There is only 1 combination in which the shaft spins in a complete circle, so i assume it's the correct one. but when i increase the voltage or speed, the motor runs erradic.

Is there any way to tell which wire should be in what sequence? Im going crazy trying to make sure it;s right.

the arduino IC fires them 1, 3, 2, 4, 1, 3, 2, 4, 1, 3, 2, 4,

Metalfan1185 said:

well, the stepper has a number on it but it doesn't give me any info from the internet. It's a matishuya (i think...) i dont have it with me

Click to expand...

Post the manufacturer of the stepper and it's part numbers when you can get to it. We'll wait.

I am unsure if i have the 4 winding wires on the correct transistor, i know the centers are in the right spot.
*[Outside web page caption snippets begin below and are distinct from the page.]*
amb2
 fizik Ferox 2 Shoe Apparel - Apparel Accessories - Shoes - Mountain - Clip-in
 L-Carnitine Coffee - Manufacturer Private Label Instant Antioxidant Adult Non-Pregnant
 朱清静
There is only 1 combination in which the shaft spins in a complete circle, so i assume it's the correct one. but when i increase the voltage or speed, the motor runs erradic.

Is there any way to tell which wire should be in what sequence? Im going crazy trying to make sure it;s right.

the arduino IC fires them 1, 3, 2, 4, 1, 3, 2, 4, 1, 3, 2, 4,

Click to expand...

You probably have them in the right order, because otherwise it would just jitter back and fourth.

However:
1) What type of diodes are those you have on the inputs to the gates, and more importantly, WHY are you using them?
2) What is the value of the resistors from the diodes to the gates?
3) What is the value of the resistors from the diode to ground?
4) What are the part numbers of the MOSFETs?

ok, I have 2 motors with 6 wires that i would like to use. both have done the same thing.

the more important one:

Minebea-Matsushita Motor Corporation
23LM-C004-79W
NO. T6704-01
(this is exactlyl as listed)

and also:

SANYO DENKI
TYPE 103H5205-0345
3.6(ohm) 1.8 deg/step
LOT NO. 08609F






To answer the other questions:

The diodes in series with the Gates of the MOSFETS are to stop current from flowing back into the Programmable IC in case of the MOSFET Shorting out to the Gate. (The MOSFET uses >= 5V from a different supply from the arduino chip)

The resistor in series with the gate is 82 Ohms and the pull Down to GND is 1k

MOSFET Part Number is

Phillips TrenchMOS N Channel
PSMN035-150p

Metalfan1185 said:

The diodes in series with the Gates of the MOSFETS are to stop current from flowing back into the Programmable IC in case of the MOSFET Shorting out to the Gate. (The MOSFET uses >= 5V from a different supply from the Arduino chip)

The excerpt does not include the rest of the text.